The battery architecture of the Taiga models also gives them signature handling characteristics out on the trail. With the battery’s weight evenly spread front to rear, there’s a perfect 50/50 weight distribution. On the trail, that translates to balance and predictability.
Given we were seemingly out in the middle of nowhere, I couldn’t ignore the idea of running out of battery power and getting stranded. Bruneau said the company is already leading an initiative to change that. Taiga is on its way to building hundreds of charge points all over North America, focusing on the remote places its customers might need them. And that includes mountains where ski resorts like Bolton Valley just signed up to buy a fleet for the ski patrol and mountain operations.
Not only is the lack of noise pollution (and regular pollution), lower maintenance costs and usability attractive to big ski resorts, Bruneau says the performance and battery characteristics suit ski patrol duties perfectly. “Like most riders, ski patrol goes out on short trips up and down the mountain with a few trails in between, but a ride rarely exceeds 62 miles, or even 30 minutes. They go out, come back in, plug in, charge and never worry about range.”
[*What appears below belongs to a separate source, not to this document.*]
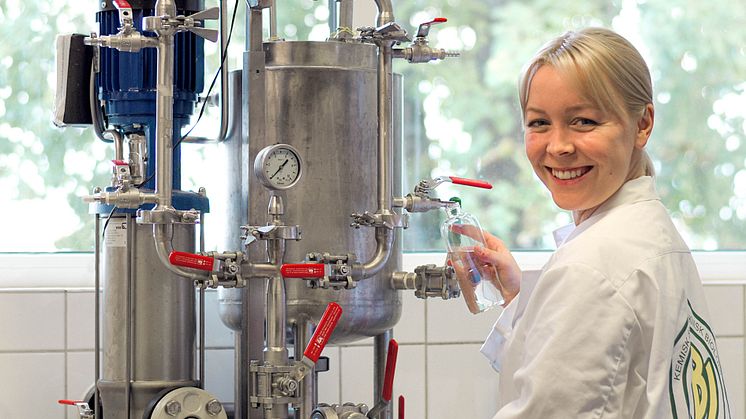 Elin Gustafsson utför provkörning i Mercatus lab.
One number that’s crucial is charge time. For EVs, that number is tumbling by the day. And with a level-three charger, you can get your Taiga from zero to 80 percent capacity in just 30 minutes. According to Bruneau, between the range and the battery charge time, that equates to a decent trail ride, a stop for lunch, another charge and then a second trail session before the average rider is done for the day.
At this point in time, both EVs and traditionally powered machines are coexisting, and Taiga doesn’t expect to replace gas-burning snowmobiles—they don’t want to. Similar to selecting a car from Tesla or a bike from Zero Motorcycles, owning a Taiga offers a different experience. It’s not necessarily better or worse, but it does present an alternative that’s more conducive to protecting the outdoors and leaving less of a footprint. And ultimately, that’s more important than the horsepower count—although a few more would be nice.